Comment by og_kalu

2 days ago

>Humans can break things down and work through them step by step. The LLMs one-shot pattern match.

I've had LLMs break down problems and work through them, pivot when errors arise and all that jazz. They're not perfect at it and they're worse than humans but it happens.

>Anthropic even showed that the reasoning models tended to work backwards: one shotting an answer and then matching a chain of thought to it after the fact.

This is also another failure mode that occurs in humans. A number of experiments suggest human explanations are often post hoc rationalizations even when they genuinely believe otherwise.

>If a human is capable of multiplying double digit numbers, they can also multiple those large ones.

Yeah, and some of them will make mistakes, and some of them will be less accurate than GPT-5. We didn't switch to calculators and spreadsheets just for the fun of it.

>GPT’s answer was orders of magnitude off. It resembles the right answer superficially but it’s a very different result.

GPT-5 on the site is a router that will give you who knows what model so I tried your query with the API directly (GPT-5 medium thinking) and it gave me:

9.207337461477596e+27

When prompted to give all the numbers, it returned:

9,207,337,461,477,596,127,977,612,004.

You can replicate this if you use the API. Honestly I'm surprised. I didn't realize State of the Art had become this precise.

Now what ? Does this prove you wrong ?

This is kind of the problem. There's no sense in making gross generalizations, especially off behavior that also manifests in humans.

LLMs don't understand some things well. Why not leave it at that?

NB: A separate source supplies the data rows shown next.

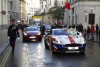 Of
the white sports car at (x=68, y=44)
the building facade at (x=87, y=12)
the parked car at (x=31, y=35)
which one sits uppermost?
the building facade at (x=87, y=12)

Here is how GPT self-described LLM reasoning when I asked about it:

    - LLMs don’t “reason” in the symbolic, step‑by‑step sense that humans or logic engines do. They don’t manipulate abstract symbols with guaranteed consistency.
    - What they do have is a statistical prior over reasoning traces: they’ve seen millions of examples of humans doing step‑by‑step reasoning (math proofs, code walkthroughs, planning text, etc.).
    - So when you ask them to “think step by step,” they’re not deriving logic — they’re imitating the distribution of reasoning traces they’ve seen.

    This means:

    - They can often simulate reasoning well enough to be useful.
    - But they’re not guaranteed to be correct or consistent.

That at least sounds consistent with what I’ve been trying to say and what I’ve observed.